Improving job knowledge, competencies and skills of job seekers is essential to increase their employability and reduce the risk of poverty and social exclusion. According to the European Commission (EC), proper development and use of job knowledge, competencies and skills are key factors for a success in finding the job and keeping it [Bruges Communique (BC), 2010]. In this regard, low and weak job knowledge and skills are identified to be the main obstacles for employability in EU [EC, 2015]. According to Eurostat, the average unemployment rate in EU has continuously been increased from 29.7% in 2008 to 31.5% in 2013. In Horizon 2020, the EC plans to reverse this trend and increase the employment rate to 75% (on average, maximum of 25% unemployment) and in this regard the mostly affected groups with low qualifications are of special interest. In fact, 75 million people in Europe have low or no qualification [BC] and the situation is even worse with big waves of refugees who seriously face the risk of poverty and social exclusion.

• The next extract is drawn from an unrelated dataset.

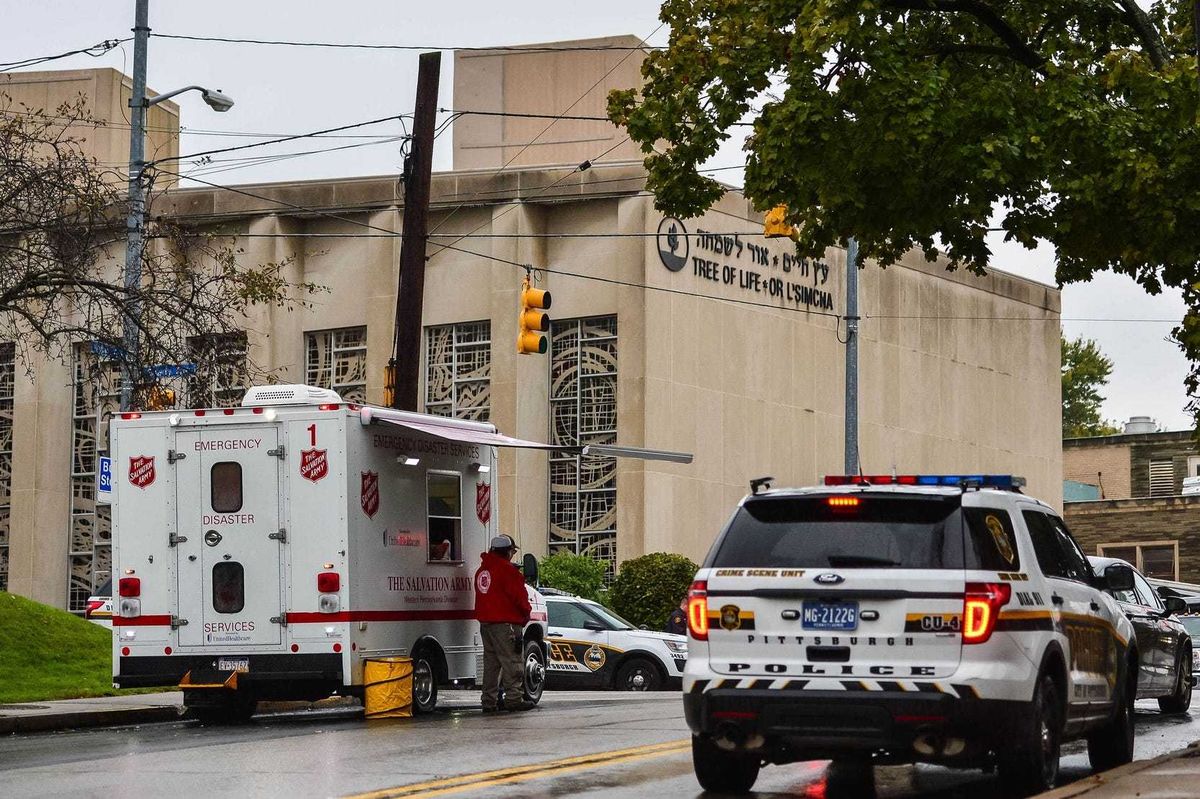 A general view of the Tree of Life Synagogue in Squirrel Hill in Pittsburgh,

In the last few years, substantial efforts have been invested by governments, international organizations and other institutes to improve our understanding of the dynamics of the labor market. These efforts have resulted in a series of applications, tools and sources that cover labor demands, supply or matching and that shed more light on skill gaps and mismatches. ESCO (European skills, competences, qualifications and occupations tool developed by the EC), Cedefop’s skills panorama and EURES (EU’s job portal) as well as European Qualifications Framework (EQF) are few examples of such efforts.

Traditionally, to get more insight into labor demands or supply, researchers and policymakers have relied on interviews, trade publications, surveys, and vacancies. While these traditional data sources have some clear advantages, they are also characterized by limitations that can be addressed by using web-based data instead. Web is a gold mine for job knowledge discovery. Linked open data, job announcements, social media, job search engines, forums, wikis, data streams and interlinked information are few examples of such valuable job-related sources on the net.

The main problem in this regard is not in the availability of data and how to retrieve them, but in how to clean, explore, visualize and interpret such a huge volume of various web data. With an aim to streamline this process and make such data suitable for further exploitation (e.g. consument by specialised mobile apps) an open Job Knowledge Base (JKB) is proposed within the scope of the DISKOW project, that can be used by employers, employees, job seekers, labour market experts and policymakers. Such a JKB contains different types of information such as responsibilities and roles, required competencies (described using existing standards, such as ECF, EQF, etc.), that could be used to develop trainings and identify priorities, wage information, geographical and demographic trends, cultural issues, demands of the job markets in different domains, job announcement information and rates, job popularity and other useful statistics. The project DISKOW aims at creating a JKB prototype, based on existing open-source Business Intelligence platform in order to cover the most important factors in this regard such as required job knowledge for a specific job.